婚期

林芙美子




 九月にはいつて急に末の妹の結婚がきまつた。妹と結婚をする相手は長い間上海の銀行に勤めてゐたひとで、妹とは十二三も年齡の違ふひとであつたが、何故だか末の妹の杉枝の方がひどくこのひとを好きになつてしまつて、急に自分がゆきたいと云ひ出した。
 始めは長女の登美子にどうだらうかと仲人の與田さんが話を持つて來たのであつたが、登美子は今度も氣がすすまないと云つて、與田さんの話をそのままにして過してゐた。與田さんの方では、登美子の寫眞も相手方へ見せての上のことなので、何とかして話をまとめたいと熱心であつたが、登美子はもう見合ひはこりごりだと思つてゐた。

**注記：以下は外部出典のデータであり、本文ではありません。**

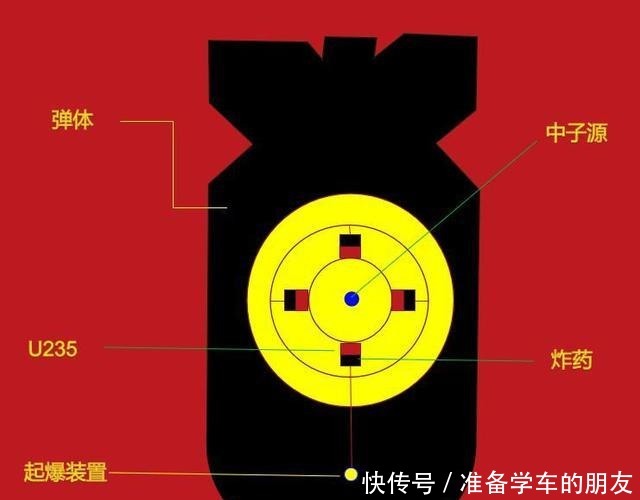 颠覆|颠覆你的理解,原子弹的威力远比你想象的低!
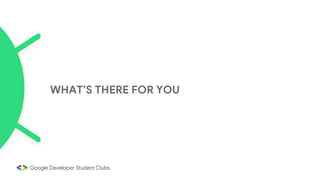 WHAT’S THERE FOR YOU
 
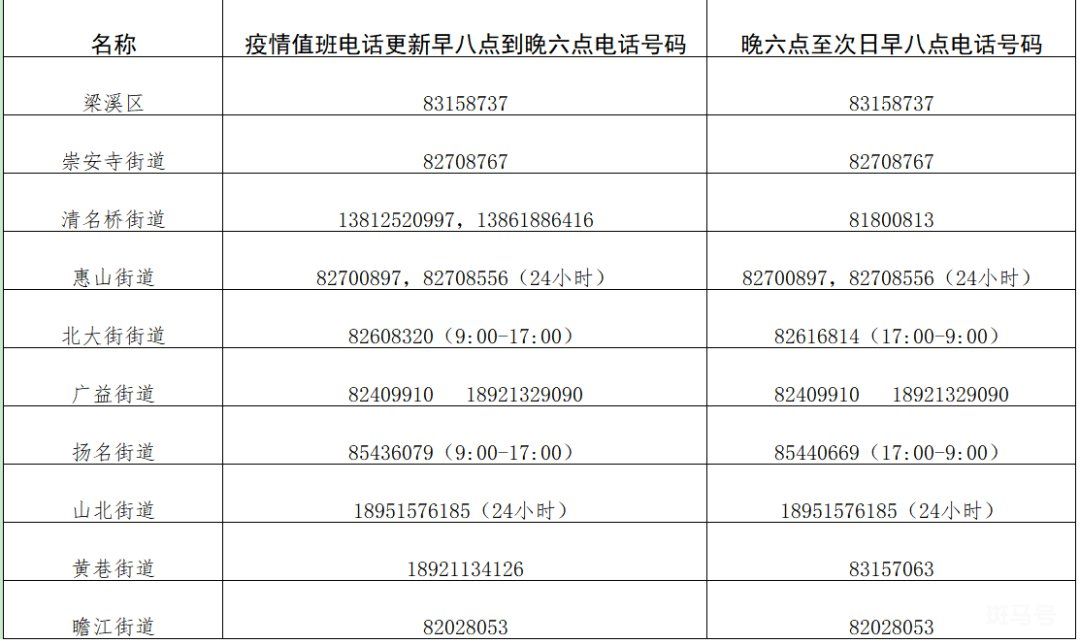 3月15日汇总无锡各个区县疫情防控指挥部电话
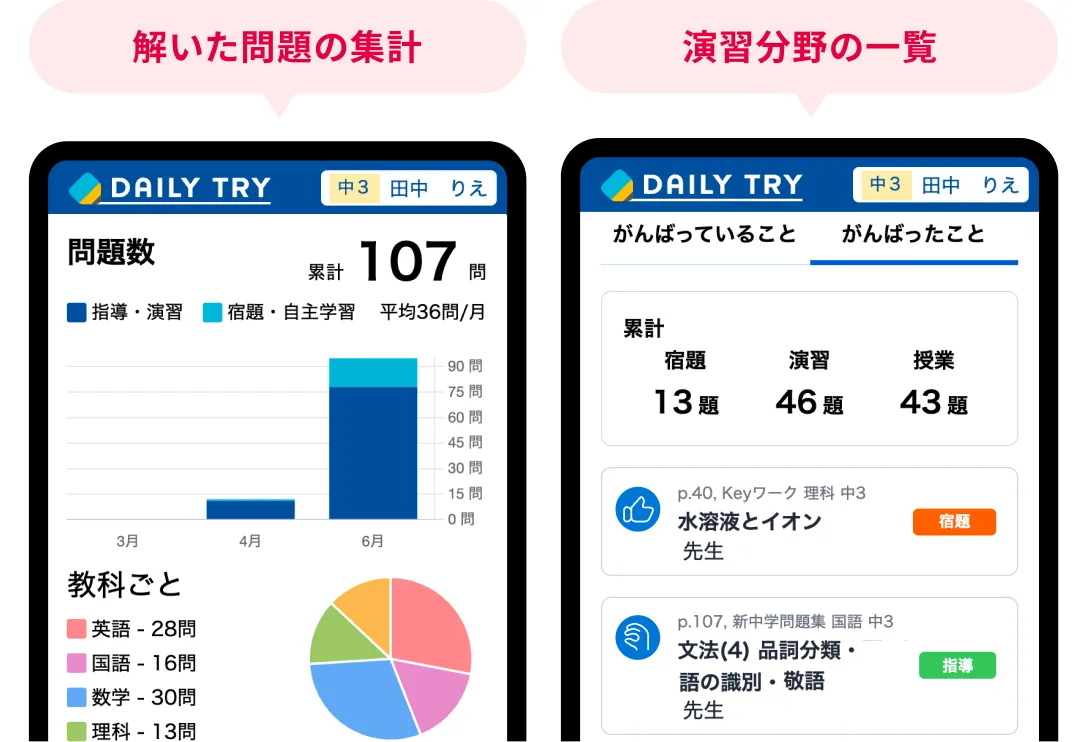 解いた問題の集計、演習分野の一覧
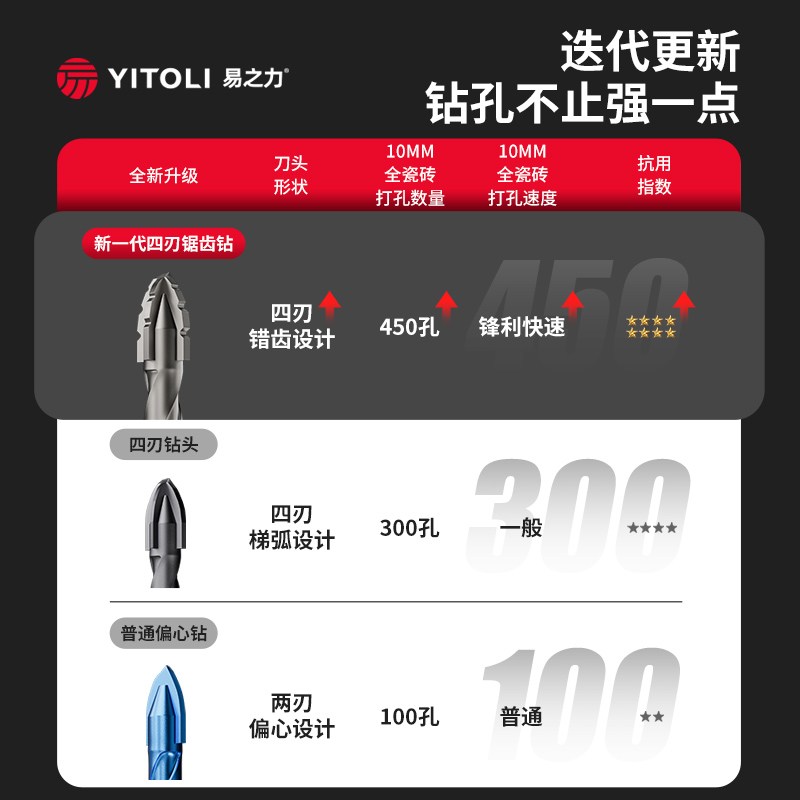 新款四刃锯齿偏心钻头高硬度干打全瓷砖陶瓷玻璃大理石混凝土打孔 - 图3
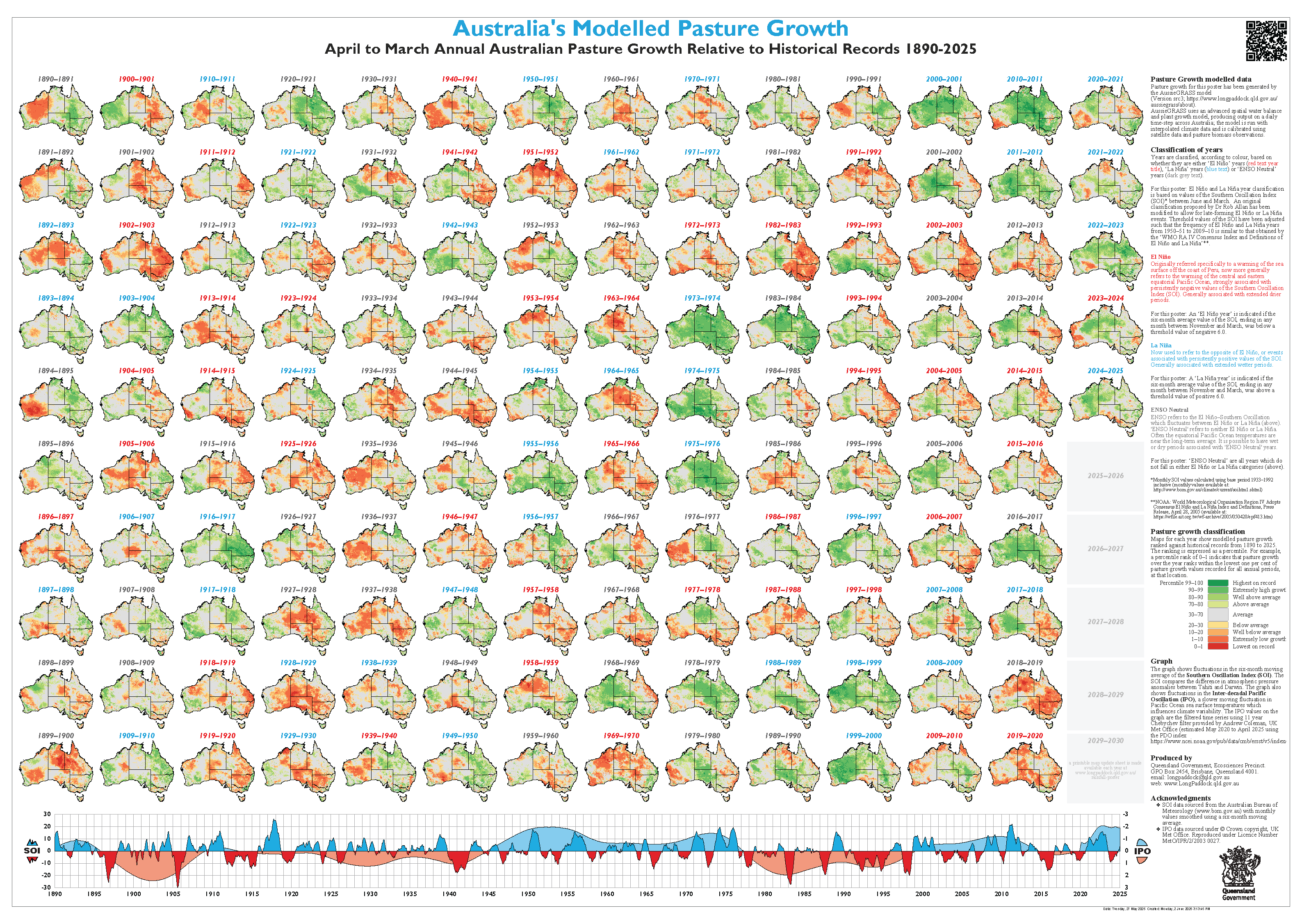 Australia’s Modelled Pasture Growth (1890 – 2024)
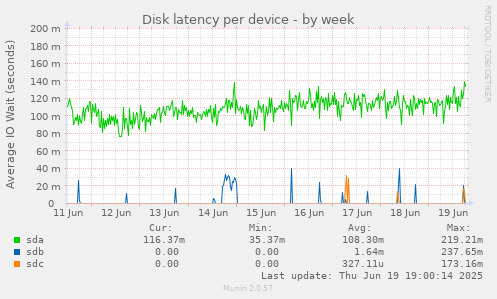 Disk latency per device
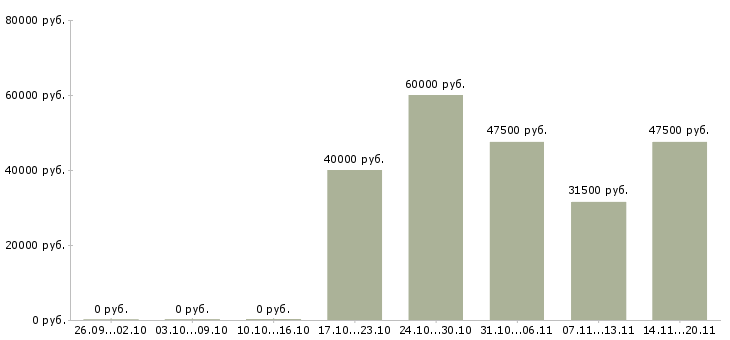 Вакансии менеджер по продажам ведущий в Хабаровске - Медиана зарплат менеджер по продажам ведущий в Хабаровске за 2 месяца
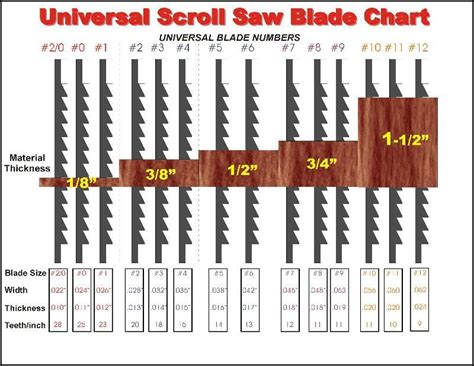 Universal Scroll Saw Blade Chart. #WoodworkingTips | Scroll saw ...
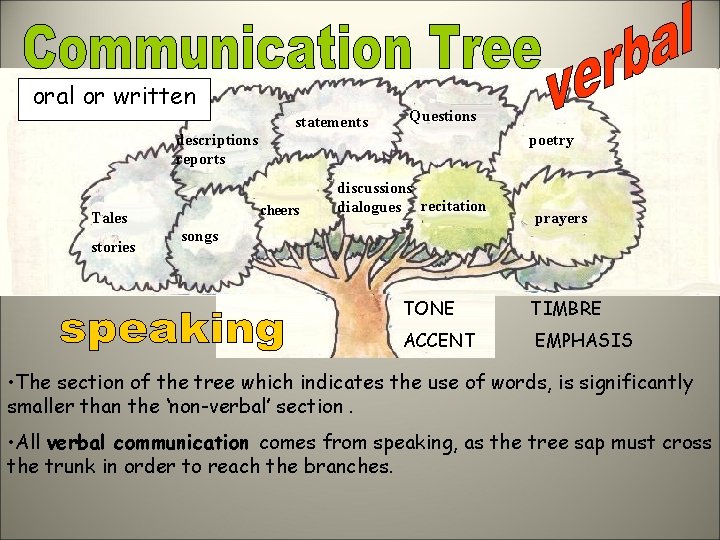 oral or written statements Questions descriptions reports cheers Tales stories poetry discussions dialogues recitation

 與田さんは登美子たちの女學校の先生で、三人姉妹とも優秀な成績で卒業してゐる上に、轉任當時、暫く登美子の家の借家に住んでゐた關係で、何時も何かあると、この三人姉妹のところへ遊びに來てゐた。與田さんもまだ若くて、津田英學塾を出ると、すぐ中國のこのS町の女學校に轉任をして來たのだけれども、すつかり海邊のこの町が氣に入つてしまつて、何時の間にか六年をこの町で過してゐた。與田さんの御主人は海軍の將校の方で、事變以來、二度ほど内地へ戻つて來られたきりで、ずつと與田さんはお留守をまもつて御主人のお母さんと女中さんとの三人暮しである。英語も達者だつたけれども、佛蘭西語もうまくて、時々ノアイユ夫人の詩なんかを譯して生徒に讀んできかせる粹なところもある先生であつた。生徒や先生達のうけもよかつたし、與田さんは年の若い割合に、お仲人も好きで、お母さんといつしよになつて、卒業してゆく生徒の嫁入口をあれこれと心配するのが評判であつた。與田さんは明朗なものが好きで、音樂にしてもバツハのものが好きだつたり、小説は漱石一點ばりで、何事にも明るい蔭のない少女のやうな呑氣な性格の先生であつた。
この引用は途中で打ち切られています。